ランクセス―過去最大の買収、添加剤事業強化へ―

化学大手の独ランクセス(ケルン)は26日、潤滑油・難燃剤向け添加剤大手の米ケムチュラを買収することで両社が合意したと発表した。景気変動の影響を緩和できる事業体制の構築戦略に沿った措置。今回の買収により世界有数の添加剤メーカーとなるとともに、北米事業を大幅に強化する。

ケムチュラを株式公開買い付け(TOB)で買収する計画で、同1株につき現金33.50ドルを支払う。これは前営業日(23日)の終値を18.9%上回る水準。ケムチュラを約24億ユーロと評価した格好で、ランクセスが行う買収では過去最大となる。独禁当局の審査を経て買収手続きが来年半ばに完了すると予想している。

ケムチュラは世界11カ国に計20の事業拠点を持ち、従業員数はおよそ2,500人。過去1年間(4四半期)の売上高は15億ユーロ、営業利益(EBITDA、特別要因を除く)は2億4,500万ユーロで、売上高営業利益率は約16%に上る。

ランクセスはケムチュラの潤滑油向け添加剤と難燃剤向け添加剤事業をともに自社の特殊添加剤事業(ADD)と統合し、新たに「パフォーマンス添加剤」部門を設立する。また、ケムチュラのウレタン事業と有機金属化合物事業をそれぞれハイパフォーマンスマテリアルズ部門、アドバンスド工業化学品ビジネスユニットへと統合する。シナジー効果は2020年までに1億ユーロに達すると見込んでいる。

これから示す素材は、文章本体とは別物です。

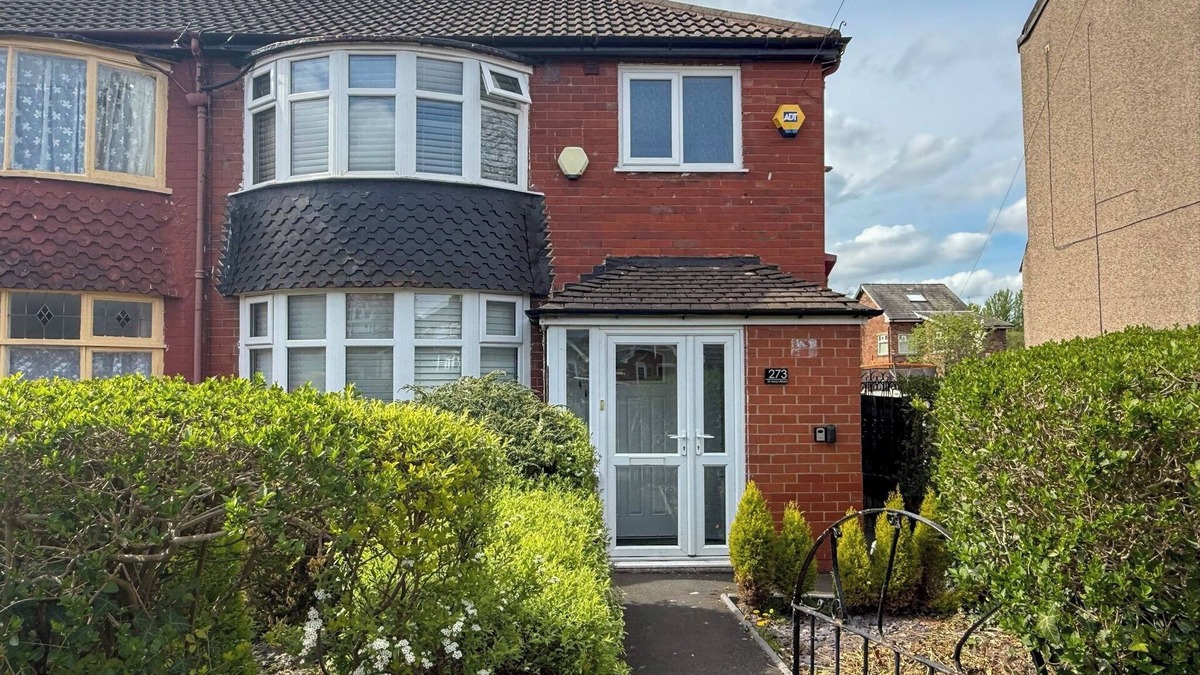 Manchester House | Manchester Home Away from Home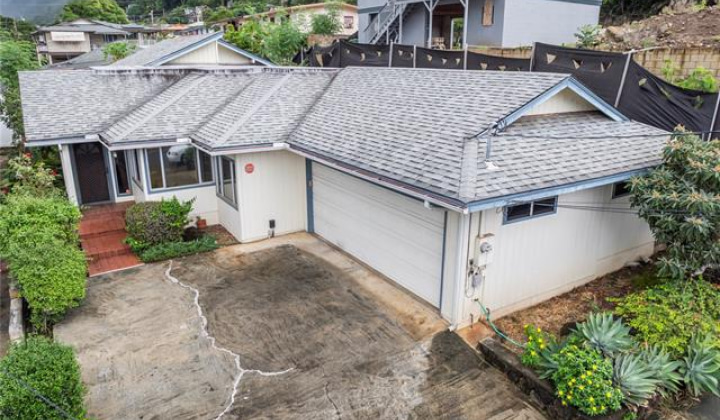 1576 Kamohoalii Street,Honolulu,Hawaii,96819,3 ベッドルーム ベッドルーム,2 バスルームバスルーム,一戸建て,Kamohoalii,18365815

ランクセスは主力の合成ゴム事業の不振を受けて、同事業を4月1日付でサウジアラムコとの合弁会社に転換。売却益12億ユーロを取得した。その一部を買収資金に振り向け事業の多角化を進める考えで、4月にも米ケマーズの消毒・衛生用品事業を2億1,000万ユーロで買収することを明らかにした。